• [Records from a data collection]
******
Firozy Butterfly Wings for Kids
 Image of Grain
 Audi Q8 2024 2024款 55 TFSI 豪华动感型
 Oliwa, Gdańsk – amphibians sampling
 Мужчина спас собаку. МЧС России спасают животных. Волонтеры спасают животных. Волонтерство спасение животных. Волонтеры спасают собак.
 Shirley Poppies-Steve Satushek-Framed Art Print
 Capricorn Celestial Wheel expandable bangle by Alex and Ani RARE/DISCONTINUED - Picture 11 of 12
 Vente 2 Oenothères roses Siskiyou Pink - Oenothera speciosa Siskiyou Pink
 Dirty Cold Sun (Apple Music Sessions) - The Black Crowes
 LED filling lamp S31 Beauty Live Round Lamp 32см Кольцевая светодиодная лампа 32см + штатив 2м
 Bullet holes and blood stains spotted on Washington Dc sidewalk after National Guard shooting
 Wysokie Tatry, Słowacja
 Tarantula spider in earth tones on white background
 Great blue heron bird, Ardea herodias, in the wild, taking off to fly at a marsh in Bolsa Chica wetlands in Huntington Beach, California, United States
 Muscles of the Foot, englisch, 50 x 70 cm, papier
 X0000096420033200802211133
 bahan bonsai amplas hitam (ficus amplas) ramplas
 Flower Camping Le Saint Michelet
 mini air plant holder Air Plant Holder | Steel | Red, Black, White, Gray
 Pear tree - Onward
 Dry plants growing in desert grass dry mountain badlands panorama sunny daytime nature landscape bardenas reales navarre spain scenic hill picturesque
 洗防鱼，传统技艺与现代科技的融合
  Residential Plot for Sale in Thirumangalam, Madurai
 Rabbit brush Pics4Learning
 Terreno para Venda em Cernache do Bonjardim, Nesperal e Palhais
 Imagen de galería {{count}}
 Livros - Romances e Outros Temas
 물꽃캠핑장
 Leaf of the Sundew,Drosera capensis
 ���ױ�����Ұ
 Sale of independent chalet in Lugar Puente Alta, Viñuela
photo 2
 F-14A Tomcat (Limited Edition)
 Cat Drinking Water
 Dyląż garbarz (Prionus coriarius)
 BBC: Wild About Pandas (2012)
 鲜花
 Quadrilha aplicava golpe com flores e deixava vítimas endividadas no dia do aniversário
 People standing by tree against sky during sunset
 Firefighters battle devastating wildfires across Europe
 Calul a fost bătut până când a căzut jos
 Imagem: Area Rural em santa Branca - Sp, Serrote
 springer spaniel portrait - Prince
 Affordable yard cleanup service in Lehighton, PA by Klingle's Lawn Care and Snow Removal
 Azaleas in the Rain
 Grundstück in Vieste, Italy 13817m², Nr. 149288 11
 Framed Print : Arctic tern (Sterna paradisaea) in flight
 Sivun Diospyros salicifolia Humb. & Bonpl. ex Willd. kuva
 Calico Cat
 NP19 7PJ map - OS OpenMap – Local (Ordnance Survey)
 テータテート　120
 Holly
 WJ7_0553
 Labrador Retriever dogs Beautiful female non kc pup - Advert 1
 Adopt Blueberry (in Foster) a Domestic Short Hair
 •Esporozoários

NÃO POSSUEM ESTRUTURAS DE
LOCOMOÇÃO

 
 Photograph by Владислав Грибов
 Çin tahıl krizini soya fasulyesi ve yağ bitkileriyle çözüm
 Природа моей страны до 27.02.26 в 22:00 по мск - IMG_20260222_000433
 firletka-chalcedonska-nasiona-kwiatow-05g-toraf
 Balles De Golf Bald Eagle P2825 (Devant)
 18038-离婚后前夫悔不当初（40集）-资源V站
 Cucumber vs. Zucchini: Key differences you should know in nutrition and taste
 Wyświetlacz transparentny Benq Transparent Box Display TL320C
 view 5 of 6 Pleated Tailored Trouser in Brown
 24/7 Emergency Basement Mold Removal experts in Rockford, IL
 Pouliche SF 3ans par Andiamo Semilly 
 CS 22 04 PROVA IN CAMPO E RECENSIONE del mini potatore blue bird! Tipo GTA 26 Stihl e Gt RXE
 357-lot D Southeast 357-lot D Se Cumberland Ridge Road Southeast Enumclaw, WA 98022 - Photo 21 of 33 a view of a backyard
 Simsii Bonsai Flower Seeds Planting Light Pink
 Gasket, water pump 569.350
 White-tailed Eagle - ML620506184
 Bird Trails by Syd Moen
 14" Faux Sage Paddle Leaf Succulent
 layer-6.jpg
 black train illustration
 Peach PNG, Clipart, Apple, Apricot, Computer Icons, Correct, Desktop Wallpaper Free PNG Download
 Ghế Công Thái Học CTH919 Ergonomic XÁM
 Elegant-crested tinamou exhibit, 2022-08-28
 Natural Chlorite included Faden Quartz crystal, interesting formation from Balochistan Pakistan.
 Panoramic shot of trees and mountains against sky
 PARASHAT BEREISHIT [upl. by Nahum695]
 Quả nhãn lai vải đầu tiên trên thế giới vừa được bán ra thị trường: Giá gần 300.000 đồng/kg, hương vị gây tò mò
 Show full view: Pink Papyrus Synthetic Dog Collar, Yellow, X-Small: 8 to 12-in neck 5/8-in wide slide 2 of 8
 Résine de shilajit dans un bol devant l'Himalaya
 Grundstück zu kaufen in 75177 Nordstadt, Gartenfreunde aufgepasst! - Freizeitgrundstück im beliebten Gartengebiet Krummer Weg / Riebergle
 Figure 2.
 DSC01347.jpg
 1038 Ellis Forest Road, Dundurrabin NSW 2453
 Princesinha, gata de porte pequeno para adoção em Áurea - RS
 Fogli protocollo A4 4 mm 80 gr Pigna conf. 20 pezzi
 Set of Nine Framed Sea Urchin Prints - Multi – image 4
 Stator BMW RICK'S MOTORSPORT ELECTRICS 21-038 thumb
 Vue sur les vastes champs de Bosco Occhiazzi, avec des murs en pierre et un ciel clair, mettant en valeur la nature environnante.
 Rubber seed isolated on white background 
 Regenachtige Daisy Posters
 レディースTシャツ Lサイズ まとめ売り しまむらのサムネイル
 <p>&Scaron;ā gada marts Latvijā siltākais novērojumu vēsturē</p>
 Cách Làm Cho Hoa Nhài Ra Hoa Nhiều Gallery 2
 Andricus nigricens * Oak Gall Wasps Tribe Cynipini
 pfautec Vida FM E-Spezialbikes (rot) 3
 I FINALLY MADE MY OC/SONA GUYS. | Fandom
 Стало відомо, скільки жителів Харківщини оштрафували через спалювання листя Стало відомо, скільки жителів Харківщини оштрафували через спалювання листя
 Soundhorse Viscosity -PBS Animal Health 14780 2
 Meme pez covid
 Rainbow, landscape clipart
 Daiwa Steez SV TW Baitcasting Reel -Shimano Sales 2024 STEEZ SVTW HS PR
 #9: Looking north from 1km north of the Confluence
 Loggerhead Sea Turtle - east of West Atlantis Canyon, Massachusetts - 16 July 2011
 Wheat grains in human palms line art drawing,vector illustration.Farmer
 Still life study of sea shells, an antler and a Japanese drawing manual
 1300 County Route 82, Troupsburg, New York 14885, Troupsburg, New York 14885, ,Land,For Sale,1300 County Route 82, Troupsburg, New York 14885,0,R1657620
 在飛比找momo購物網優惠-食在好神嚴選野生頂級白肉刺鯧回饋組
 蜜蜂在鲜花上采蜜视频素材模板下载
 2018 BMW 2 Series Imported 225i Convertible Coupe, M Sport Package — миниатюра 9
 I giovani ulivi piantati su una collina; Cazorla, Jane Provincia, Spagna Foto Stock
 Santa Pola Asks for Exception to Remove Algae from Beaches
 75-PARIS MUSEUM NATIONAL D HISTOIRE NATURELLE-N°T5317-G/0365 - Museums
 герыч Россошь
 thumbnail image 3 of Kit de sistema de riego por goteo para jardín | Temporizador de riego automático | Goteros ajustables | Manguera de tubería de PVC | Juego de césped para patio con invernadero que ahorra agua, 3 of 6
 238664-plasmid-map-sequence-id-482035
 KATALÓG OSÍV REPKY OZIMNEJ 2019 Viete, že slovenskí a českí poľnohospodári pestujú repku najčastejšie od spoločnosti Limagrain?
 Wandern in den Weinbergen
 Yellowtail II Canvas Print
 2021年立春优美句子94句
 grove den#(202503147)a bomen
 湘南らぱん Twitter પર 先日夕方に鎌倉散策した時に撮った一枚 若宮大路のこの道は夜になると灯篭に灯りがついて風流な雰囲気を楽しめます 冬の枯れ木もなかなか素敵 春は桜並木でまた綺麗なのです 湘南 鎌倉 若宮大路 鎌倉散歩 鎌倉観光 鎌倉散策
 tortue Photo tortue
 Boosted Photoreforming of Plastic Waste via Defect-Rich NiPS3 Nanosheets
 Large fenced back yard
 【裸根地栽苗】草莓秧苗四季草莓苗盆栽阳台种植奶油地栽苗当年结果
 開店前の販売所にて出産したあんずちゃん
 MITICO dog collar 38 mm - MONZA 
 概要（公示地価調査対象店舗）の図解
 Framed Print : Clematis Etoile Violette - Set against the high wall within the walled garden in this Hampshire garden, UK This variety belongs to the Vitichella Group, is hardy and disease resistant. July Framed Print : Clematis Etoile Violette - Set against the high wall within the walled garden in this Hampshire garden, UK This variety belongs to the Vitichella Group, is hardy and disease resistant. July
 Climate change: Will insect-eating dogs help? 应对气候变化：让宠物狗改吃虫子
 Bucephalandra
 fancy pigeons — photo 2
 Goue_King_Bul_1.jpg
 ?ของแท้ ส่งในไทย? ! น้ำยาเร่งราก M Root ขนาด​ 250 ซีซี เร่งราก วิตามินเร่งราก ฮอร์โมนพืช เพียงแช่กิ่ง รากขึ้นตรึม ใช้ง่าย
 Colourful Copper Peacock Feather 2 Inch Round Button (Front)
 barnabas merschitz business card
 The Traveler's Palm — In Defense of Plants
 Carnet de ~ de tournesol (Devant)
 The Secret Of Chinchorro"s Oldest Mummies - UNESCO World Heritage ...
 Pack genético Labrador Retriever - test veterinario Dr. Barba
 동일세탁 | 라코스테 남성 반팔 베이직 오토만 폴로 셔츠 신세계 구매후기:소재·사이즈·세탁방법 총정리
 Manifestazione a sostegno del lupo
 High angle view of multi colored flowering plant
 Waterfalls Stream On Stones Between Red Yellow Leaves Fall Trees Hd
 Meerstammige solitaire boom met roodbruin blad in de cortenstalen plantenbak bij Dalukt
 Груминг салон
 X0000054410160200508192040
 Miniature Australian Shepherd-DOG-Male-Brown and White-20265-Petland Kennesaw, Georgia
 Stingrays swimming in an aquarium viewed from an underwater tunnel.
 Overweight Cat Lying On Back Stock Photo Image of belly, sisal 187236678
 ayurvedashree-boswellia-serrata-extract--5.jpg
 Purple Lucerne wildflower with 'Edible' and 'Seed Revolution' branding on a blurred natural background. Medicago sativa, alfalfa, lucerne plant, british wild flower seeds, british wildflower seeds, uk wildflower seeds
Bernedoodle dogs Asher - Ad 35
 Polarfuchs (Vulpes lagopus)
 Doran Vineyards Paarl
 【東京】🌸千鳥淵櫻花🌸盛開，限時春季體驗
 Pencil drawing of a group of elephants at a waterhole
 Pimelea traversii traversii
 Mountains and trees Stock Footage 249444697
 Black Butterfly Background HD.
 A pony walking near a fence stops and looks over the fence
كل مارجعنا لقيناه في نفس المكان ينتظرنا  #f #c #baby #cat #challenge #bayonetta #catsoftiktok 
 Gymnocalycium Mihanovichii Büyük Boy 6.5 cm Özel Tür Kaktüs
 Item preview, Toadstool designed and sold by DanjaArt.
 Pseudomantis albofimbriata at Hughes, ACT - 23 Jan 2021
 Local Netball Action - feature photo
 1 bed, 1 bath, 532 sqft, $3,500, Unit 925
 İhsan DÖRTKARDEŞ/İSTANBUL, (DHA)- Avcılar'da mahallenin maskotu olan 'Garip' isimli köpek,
******
• [Work item] Your answer should be exactly the lines of the data above, from the first through the line containing "Dirty Cold Sun".

• [Written answer]
Firozy Butterfly Wings for Kids
 Image of Grain
 Audi Q8 2024 2024款 55 TFSI 豪华动感型
 Oliwa, Gdańsk – amphibians sampling
 Мужчина спас собаку. МЧС России спасают животных. Волонтеры спасают животных. Волонтерство спасение животных. Волонтеры спасают собак.
 Shirley Poppies-Steve Satushek-Framed Art Print
 Capricorn Celestial Wheel expandable bangle by Alex and Ani RARE/DISCONTINUED - Picture 11 of 12
 Vente 2 Oenothères roses Siskiyou Pink - Oenothera speciosa Siskiyou Pink
 Dirty Cold Sun (Apple Music Sessions) - The Black Crowes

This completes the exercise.